Of course, breaking into the world’s richest league requires more than a healthy sense of predestination. You need to suffer and you need to sweat, and on a warm evening both teams played their part in an arrestingly physical encounter. Frank had promised in the build-up that he would carry his exhausted players off the pitch at the end if necessary, and in a stunning, full-throttle opening 15 minutes that turned the tie on its head, his team were as good as his word.
It began, as so many of Brentford’s moves do, from the very back: the goalkeeper David Raya finding Jensen, the Denmark under-21 midfielder on the fringes of the senior national team. All night Jensen pulled the strings, pulled Swansea this way and that, and here he played the sort of defence-splitting pass – fully 60 yards, all along the ground, straight down the middle – that you wanted to watch again and again. A pass with its own impossible choreography, right down to the perfectly timed run of Watkins, who finished with an assassin’s cool for his 26th goal of the season.
Perhaps Swansea were a little concussed by the brutal, geometric coldness of that goal. Certainly that would explain the momentary loss of defensive shape that allowed Benrahma to advance to the edge of their area just moments later.

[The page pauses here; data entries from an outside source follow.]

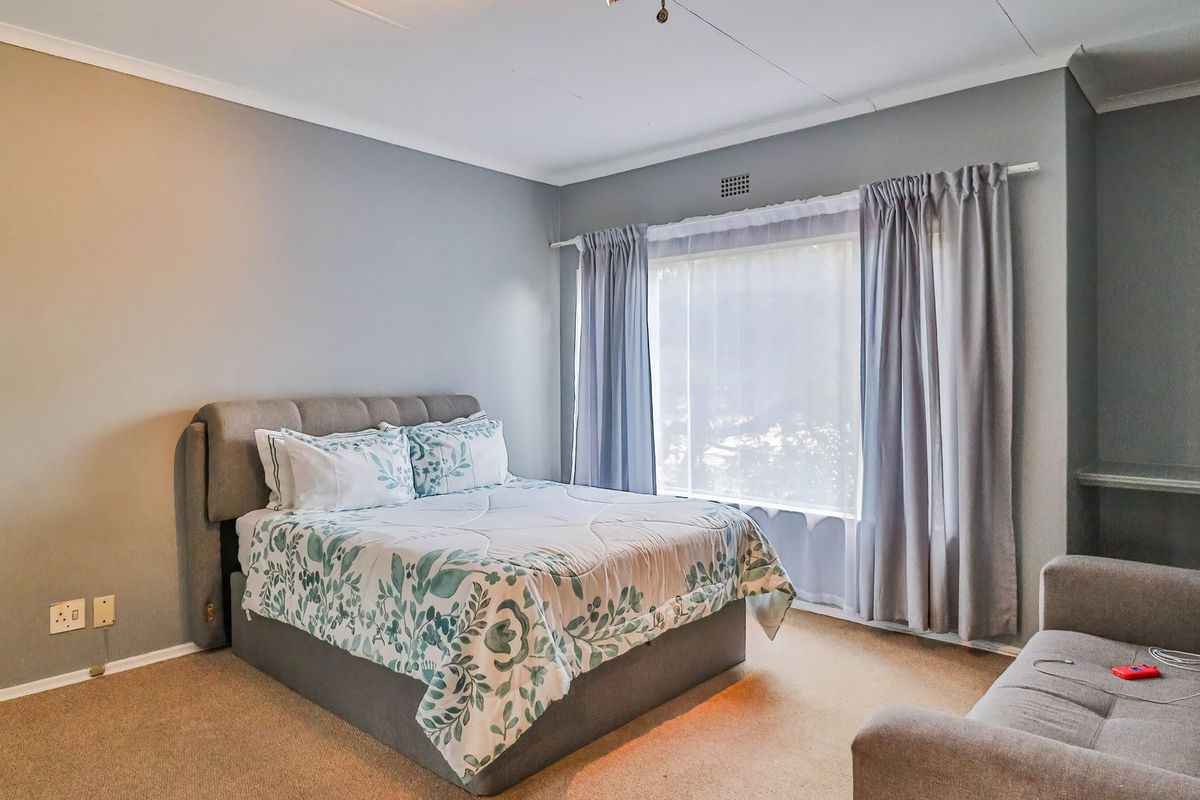 A well-lit bedroom featuring neutral wall tones, carpeted flooring, and a large window with installed curtain tracks.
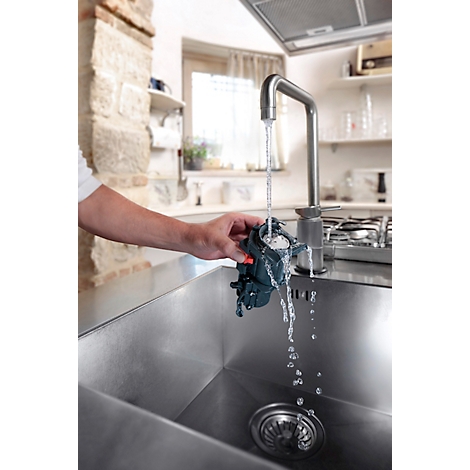 Een persoon spoelt een donker apparaat af onder stromend water in een gootsteen. Op de achtergrond is een keuken te zien.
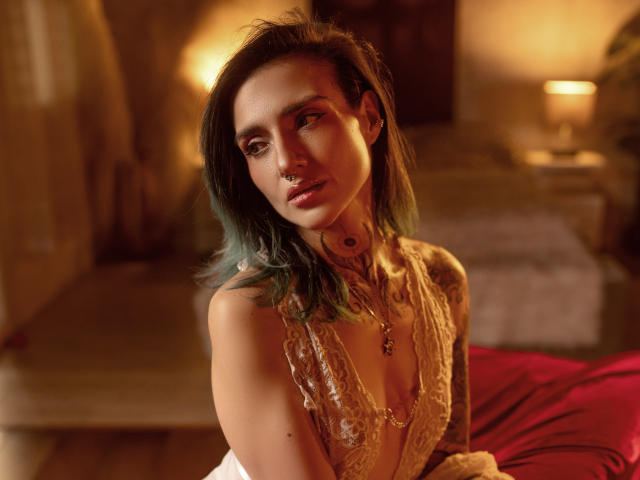 EmaLeBlanc has medium-length, dark greenish-blue hair and is looking slightly to the left with a subtle, pensive expression. She has a nose ring in her right nostril and a tattoo on her left side of the neck. She's wearing a gold, lace, low-cut top that reveals part of her cleavage. The lighting is warm, casting a soft glow on her light skin. The background is blurred, focusing attention on her. She has a tattoo on her right upper arm. The image has a slightly warm, brownish tone. Her makeup is subtle, emphasizing her eyes. The red bed in the background adds a contrasting color.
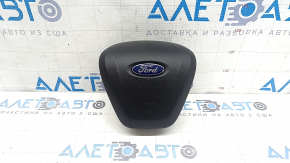 The driver's side steering wheel airbag for a Ford Edge 19-24 is black and has a rusty squib.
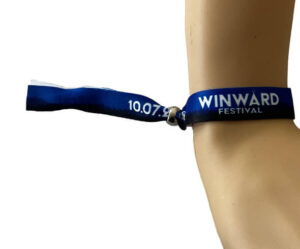 A blue fabric wristband with "WINWARD FESTIVAL" and "10.07" printed on it, worn on a person's wrist.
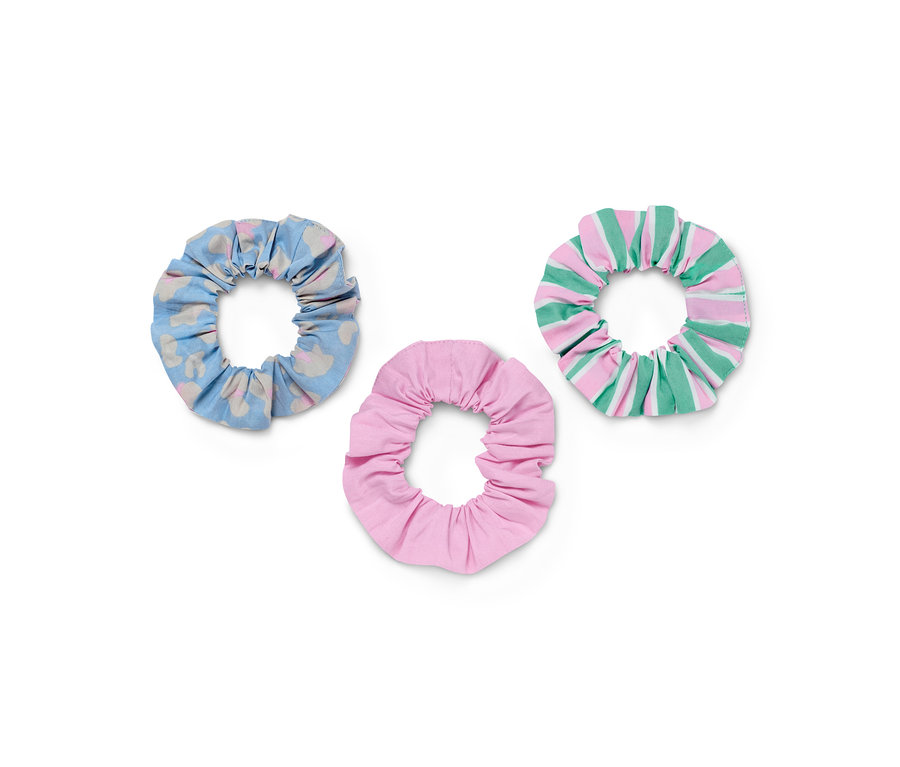 Drei Haargummis »Scrunchies«: ein blaues mit Muster, einfarbig rosa und gestreift in rosa und grün.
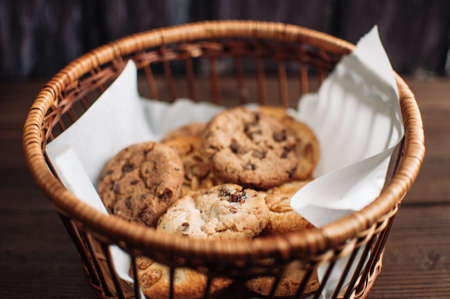 Cookies with chocolate lies in a wicker basket. A basket with gluten free cookies on a wooden table. Selective focus.の写真素材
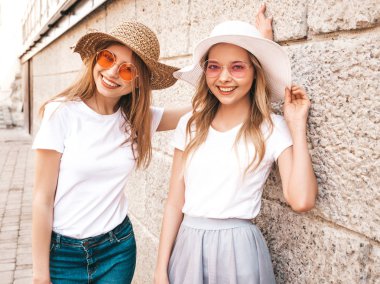 Moda yaz beyaz t-shirt giysiler iki genç güzel sarışın gülümseyen hipster kız Portresi. Seksi kaygısız kadınlar duvara yakın sokakta poz. Güneş gözlüğü ve şapka ile eğlenen pozitif modeller
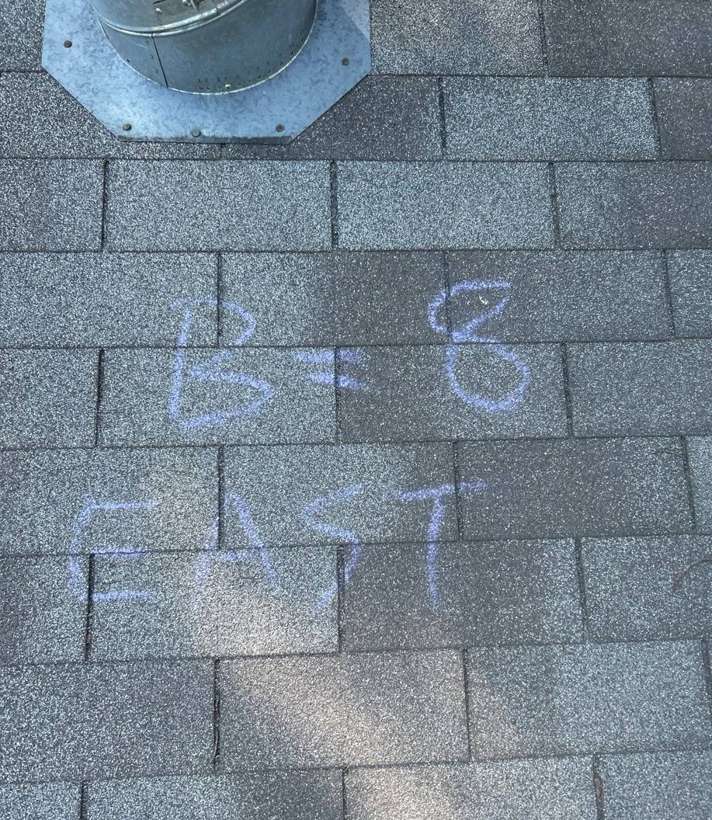Chalk test square with its hit count written on the east slope of a St. Paul Park, MN roof, September 2025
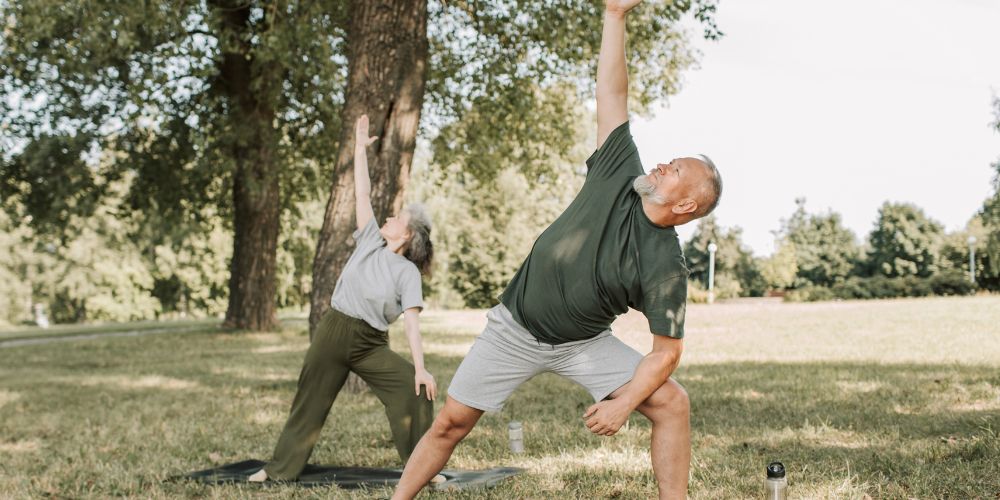 Couple performing yoga in the park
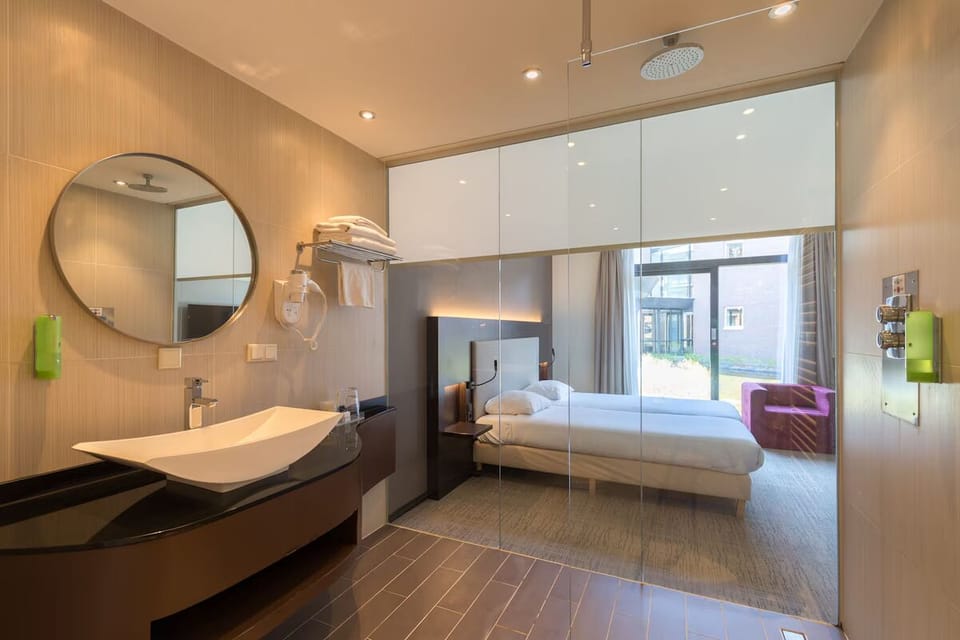 Refresh under a rainfall shower in a sleek, bright bath.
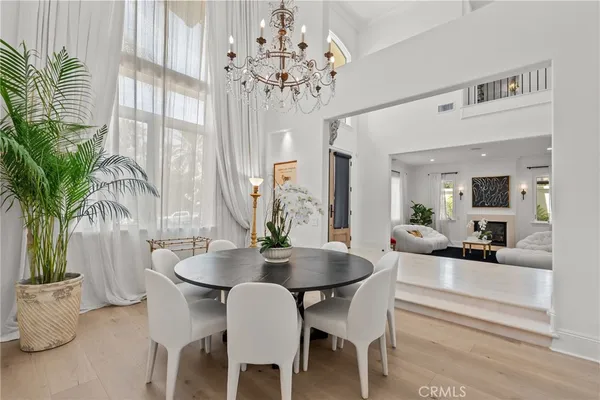 a view of a dining room with furniture and a chandelier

As Swansea’s midfield collapsed on to the back three like a boxer sinking into the deadly embrace of the ropes, Benrahma had all the time in the world to flop a delicious cross onto the head of Emiliano Marcondes. In the space of four minutes, Brentford were 2-0 up and Swansea’s one-goal cushion had turned into an ejector seat.
It could have been worse for them. Benrahma was beginning to come into the game, enjoying a string of decent openings, and at one point clattering the inside of the post after a magical little exchange with Jensen. Swansea’s best chance came through Conor Gallagher, and as half-time approached they had just about managed to stem the bleeding.
But within barely a minute of the restart, Brentford had hit them again: Jensen again, releasing Rico Henry (reprieved from suspension after being sent off in the first leg), crossing for Mbeumo to volley home with authority and swagger.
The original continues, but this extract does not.